Regia di Mark Romanek vedi scheda film
Un bel film ispirato al romanzo Never Let Me Go di Kazuo Ishiguro, celebre scrittore anglo giapponese, premio Nobel per la letteratura nel 2017.
Il College di Hailsham, nel verdissimo Sussex inglese, è il teatro degli eventi evocati nel corso del film da Kathy H. (Carey Mulligam) diventata adulta.
In quel luogo, infatti, Kathy insieme ai suoi compagni Tommy (Andrew Garfield) e Ruth (Keira Knightley), aveva iniziato il percorso educativo, che si era in seguito perfezionato in un soggiorno nei cottages: strutture di campagna nelle quali tutti gli ospiti di Hailsham venivano inviati per conoscere il mondo, in attesa del completamento, al termine del quale gli scopi dell’educazione ricevuta si sarebbero realizzati.

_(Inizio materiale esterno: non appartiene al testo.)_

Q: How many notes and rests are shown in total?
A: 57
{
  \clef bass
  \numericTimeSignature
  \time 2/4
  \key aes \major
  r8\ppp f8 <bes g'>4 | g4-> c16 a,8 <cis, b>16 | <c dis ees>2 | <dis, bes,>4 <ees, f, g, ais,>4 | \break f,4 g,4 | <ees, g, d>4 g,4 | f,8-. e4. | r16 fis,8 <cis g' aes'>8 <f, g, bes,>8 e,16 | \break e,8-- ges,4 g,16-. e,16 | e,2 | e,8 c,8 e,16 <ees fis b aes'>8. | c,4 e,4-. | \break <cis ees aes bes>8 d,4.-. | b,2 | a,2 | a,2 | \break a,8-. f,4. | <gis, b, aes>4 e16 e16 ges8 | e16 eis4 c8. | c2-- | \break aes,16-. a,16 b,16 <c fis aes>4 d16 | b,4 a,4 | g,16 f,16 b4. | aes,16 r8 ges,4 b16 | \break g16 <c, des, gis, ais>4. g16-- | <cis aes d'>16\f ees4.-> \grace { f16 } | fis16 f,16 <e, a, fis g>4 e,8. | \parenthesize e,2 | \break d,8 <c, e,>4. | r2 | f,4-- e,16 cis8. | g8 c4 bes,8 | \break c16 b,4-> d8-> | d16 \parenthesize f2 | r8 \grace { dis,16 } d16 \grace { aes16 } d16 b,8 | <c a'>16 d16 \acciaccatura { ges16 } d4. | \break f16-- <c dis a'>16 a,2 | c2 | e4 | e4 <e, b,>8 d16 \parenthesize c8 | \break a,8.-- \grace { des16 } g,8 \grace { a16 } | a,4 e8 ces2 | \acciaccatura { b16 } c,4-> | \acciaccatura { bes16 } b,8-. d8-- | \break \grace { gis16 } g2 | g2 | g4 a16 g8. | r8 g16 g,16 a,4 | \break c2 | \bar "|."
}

Tutta l’attività della scuola appare alquanto strana: i ragazzini, che sono attentamente vigilati affinché non si facciano male o non si ammalino, vivono una intensa vita di relazione fra loro, ma non si possono allontanare dalla struttura scolastica, se non vogliono correre rischi tremendi per la loro vita, né ricevono visite dall’esterno; viene lasciato un certo spazio alla loro creatività, per arricchire la Galleria di una misteriosa signora (Charlotte Rampling) con disegni o dipinti che essi stessi producono.
Sarà una giovane insegnante a spiegare a questi bambini che lo scopo della scuola è farli diventare donatori d’organi, non essendo essi bambini “veri”, ma cloni che possono costituire una riserva da cui, in caso di bisogno, le persone “vere” potranno attingere.
Questi cloni, però, per quanto docili e rassegnati, da piccoli si fanno i dispetti, litigano, ridono, piangono, provano amicizia, si picchiano; da grandi provano simpatia per l’altro sesso e finalmente si innamorano, con le gelosie e le rivalità proprie di ogni amore: non sembrano quindi diversi dagli altri esseri umani.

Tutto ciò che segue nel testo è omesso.